GIVEN INFORMATION START

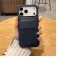 PU Leather + TPU Card Wallet Case with Kickstand for iPhone 17 Pro Max - Blue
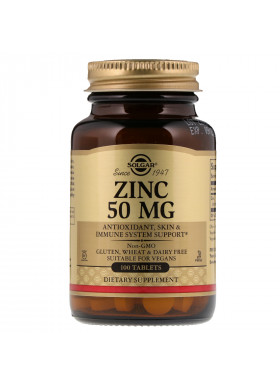 Solgar, Zinc, 50 mg, 100 Tablets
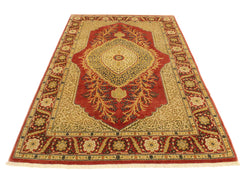 handmade Traditional Design Pink Rust Hand Knotted RECTANGLE 100% WOOL area rug 4' x 6'
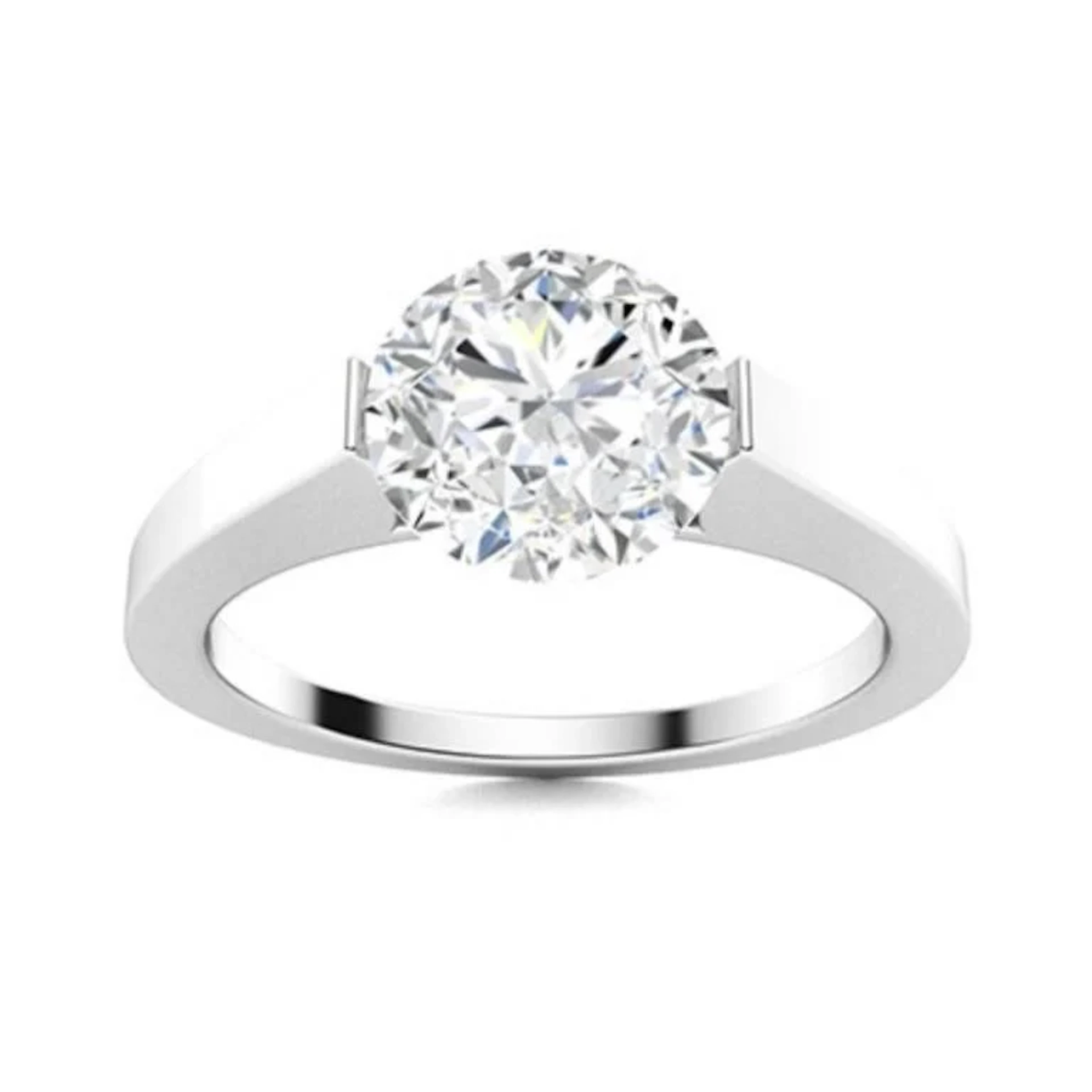 Gold & Brilliant White Diamond 2 Cts Ring - E/VVS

GIVEN INFORMATION END

The expected result is the complete listing above, printed exactly, with no pictures.

### ANSWER AREA
 PU Leather + TPU Card Wallet Case with Kickstand for iPhone 17 Pro Max - Blue
 Solgar, Zinc, 50 mg, 100 Tablets
 handmade Traditional Design Pink Rust Hand Knotted RECTANGLE 100% WOOL area rug 4' x 6'
 Gold & Brilliant White Diamond 2 Cts Ring - E/VVS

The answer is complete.